[dogber1]

That's a great re-implementation from some stuff I did eons ago [0].

BIOS passwords are indeed a complete joke as means to secure access. There are a bunch of vendors out there who moved the authentication off from the BIOS/CPU to the KBC (keyboard controller) - Toshiba and Lenovo are among them. Still, it's ludicrously easy to circumvent these.

[0] https://dogber1.blogspot.com/2009/05/table-of-reverse-engine...

[ratiolat]

The linked article did not have info about Thinkpads. I wonder how nowadays one can skip BIOS password of a T series thinkpad. So far it has always ended up with a motherboard change for me.

[blkhawk]

There is a guy in hungary that offers unlocking services for about 50EUR. He is a bit difficult to work with (insists on a NDA) but the procedure is as follows: you dump the bios via SPI and send it to him. Afterwards you get a patched image back you flash onto the bios chip. Then you boot and you need to enter some numbers he also sends you (I assume some type of copy protection) and it will unlock and reset the bios password. After that you just reflash the bios image you made earlier.

[Zod666]

If you don't mind physically opening the laptop, you open it and take out the CMOS battery, boot it up without it then shut it down and put the CMOS battery back in and boot. The BIOS password will no longer bet set. I don't know if this still works but it used to on older laptops.

[zaarn]

Modern UEFI uses Flash Storage and CMOS is only relevant for the computer time keeping (though some UEFIs have a full CMOS to emulate BIOS behaviour)

[oneplane]

Doesn't work anymore. The data is no longer stored in CMOS.

[AstralStorm]

Sometimes it is the same chip but not the same range, so it's not cleared ever.

[woodrowbarlow]

i used this method on an old t520 with success.

[4cao]

For slightly older ThinkPads, the method is to short clock and data lines (SCL and SDA), power on the laptop, and press F1 all at the right moment. This website has the locations for many models, for example the X220: http://www.ja.axxs.net/x220.htm (note that this person is/was selling a device to assist with the process but its use is not required, although, predictably, it doesn't say so on the website).

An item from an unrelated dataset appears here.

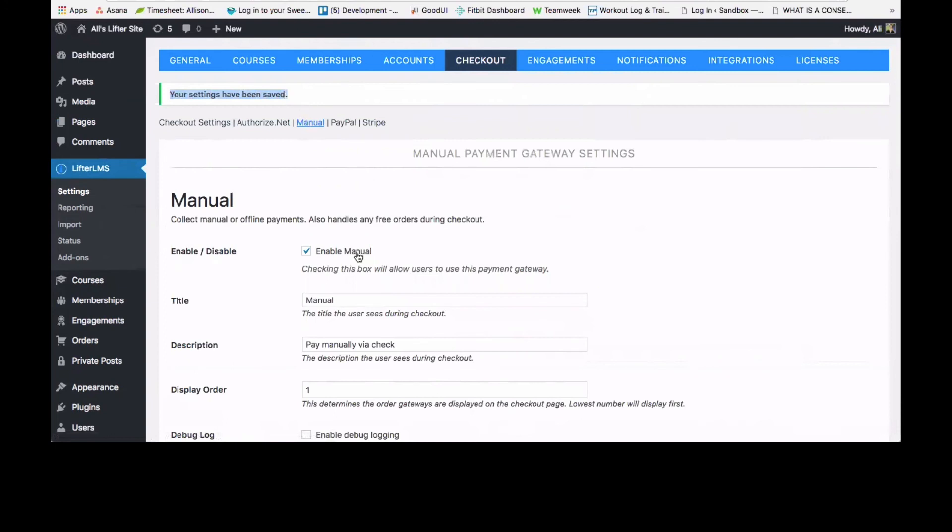And when you're first getting started on your course, this is a really great option. You know, if you're not ready to invest in any add-ons or any payment gateways, you could just collect money offline to get started.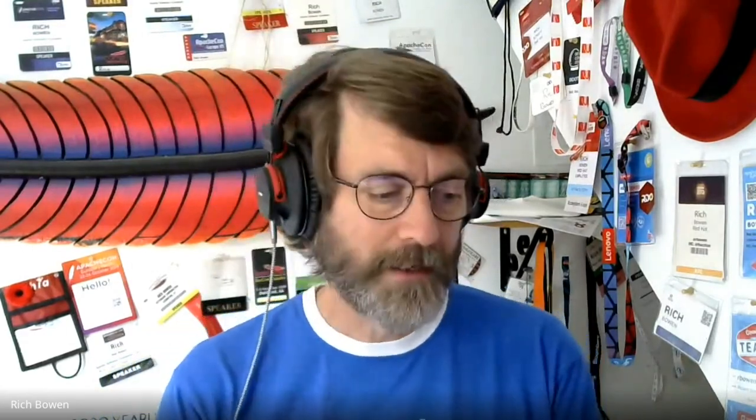Nice to see you, Rich. We've done a number of interviews in the past about CloudStack, and I think people are generally familiar with what it is. Today we specifically want to talk about your latest release, the 4.14 release. Can you give us an overview of what's new in this release?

For newer ThinkPads, there is a method to replace the LenovoTranslateService EFI module with a modified version that passes control to another module, which in turn removes the password. This is supposed to be a paid solution (the module will ask for a code that has to be purchased) but apparently there is a "workaround" for that too.

I might not be up to date as I had no need for any of these and my most recent ThinkPad is an X220 but it's safe to say there is always going to be some solution without having to resort to motherboard replacement.

[rustybolt]

There is a trick that work for some (most?) models in the T-series: if you short the pins of some chip with the right timing, you can bypass the password check. See, for example: https://amp.reddit.com/r/thinkpad/comments/b7jbqq/reset_bios...

[numpad0]

I believe you force BIOS to think that it had been lucky but checksums don’t match and EEPROM save is corrupt, then load default and let password go.

Works for straightforward ones like most Lenovo, but not for weirdos like Toshiba. Sometimes I see lots of Toshiba office laptops with locked BIOS waiting to be recycled as the result.

[DanBC]

Older Toshibas have pins near the RAM that can be shorted to clear the passwords. There's a big list here: https://biosbypass.com/how-to-clear-toshiba-bios-password/

[tonyedgecombe]

I seem to remember the last model that works on is the T420, after that you are out of luck.